Abdestte yıkanılması gereken azaları birer kez yıkamak farz, üçer kez yıkamak ise sünettir. (bk. Tirmizî, Tahâret 22)
Ayakların yıkanması veya meshedilmesi ile alakalı iki farklı görüş vardır. Böyle bir görüş ayrılığının sebebi ise âyette geçen ve “ayaklar” mânasına gelen اَرْجُلٌ (ercül) kelimesindeki ل (lâm) harfinin okunuşundaki farklılıktır:
a. Kelimeyi kıraat imamlarından Nâfi, İbn Âmir, Asım’dan Hafs, Kisâî ve Yakup ل (lâm) harfinin üstünüyle اَرْجُلَكُمْ (ercüleküm) şeklinde okumuşlardır. Bu okuyuşu esas alıp kelimeyi “yüzler” anlamına gelen وُجُوهٌ (vücûh) üzerine atfedenler, âyete “yüzlerinizi, dirseklere kadar kollarınızı ve ayaklarınızı yıkayın” (Mâide 5/6) şeklinde mâna vererek ayakların yıkanmasının farz olduğunu söylemişlerdir. Ehl-i sünnet âlimleri bu görüştedirler.
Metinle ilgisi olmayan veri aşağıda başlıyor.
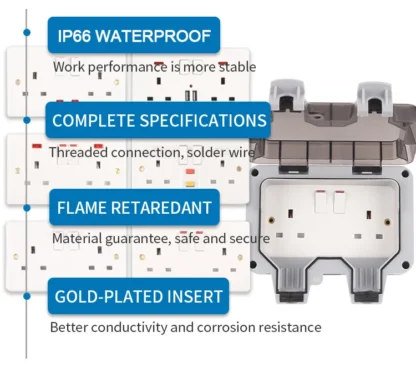 IP66 Waterproof Outdoor Box Wall Socket 13A Double Switch Power Outlet Universal / UK With USB Charging Port DIY GO - Image 19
b. Kıraat imamlarından İbn Kesîr, Ebu Amr, Asım’dan Ebubekir, Hamza, Ebu Cafer ve Halef kelimeyi اَرْجُلِكُمْ (ercüliküm) şeklinde ل (lâm) harfinin kesresiyle okumuşlardır. Bu okuyuşu esas alıp kelimeyi “başlar” mânasındaki رؤس (ruûs) kelimesine atfedenler ise âyete “başlarınızı ve ökçelere kadar ayaklarınızı meshedin” (Mâide 5/6) anlamı vererek, ayakların meshedilmesinin farz olduğunu kabul etmişlerdir. Nitekim Şiiler bu okuyuşu esas alarak ayakları meshetmekle iktifa ederler.
Ancak Allah Resûlü (s.a.s.)’in bu husustaki tatbikâtını haber veren rivayetlere bakıldığında, bunların daha çok Ehl-i Sünnet’in tercih ettiği görüşü desteklediği görülür. Rivayetlerden biri şöyledir:
“Osman b. Affân (r.a.) bir su kabı istedi, ondan iki eline su döküp onları üç defa yıkadı. Sonra ağzına ve burnuna su verdi, sonra yüzünü üç defa yıkadı, sonra kollarını dirseklere kadar üç defa yıkadı, sonra başını meshetti, sonra her bir ayağını üçer defa yıkadı. Sonra da: «Peygamber (s.a.s.) Efendimiz’in bu şekilde abdest aldığını gördüm» dedi.” (Buhârî, Vudû 28; Müslim, Tahâret 3)
Ayrıca Peygamber Efendimiz’in, ayaklarını güzelce yıkamamış ve ökçelerinde biraz kuru kalmış kimseler hakkında: “O ökçelerin ateşten vay haline!” (Buhârî, Vudû 29; Müslim, Taharet 25) buyruğu ayakları yıkamanın farz olduğuna bir delil teşkil etmektedir.
Üstelik, eğer kasıt “meshetmek” olsaydı âyette ayaklarla ilgili “topuklara kadar” ifadesinin kullanılmasına gerek kalmazdı. Bu da farzın esasının “yıkamak” olduğuna ve “mesh”in buna dayanması lazım geldiğine işaret etmektedir. Hâsılı ayaklar hakkında “yıkamak” emri açık, “mesh” emri ise kapalıdır. Peygamberimiz, abdest alırken çıplak olan ayaklarını yıkamak (bk. Buhârî, Vudû, 7, 29; Müslim, Tahâret 4, 18), abdestli olarak giydiği mestler üzerine meshetmek (bk. Müslim, Tahâret 73; Ebû Dâvûd, Tahâret 12) şeklindeki tatbikatıyla âyette kastedilen muradı beyân etmiştir.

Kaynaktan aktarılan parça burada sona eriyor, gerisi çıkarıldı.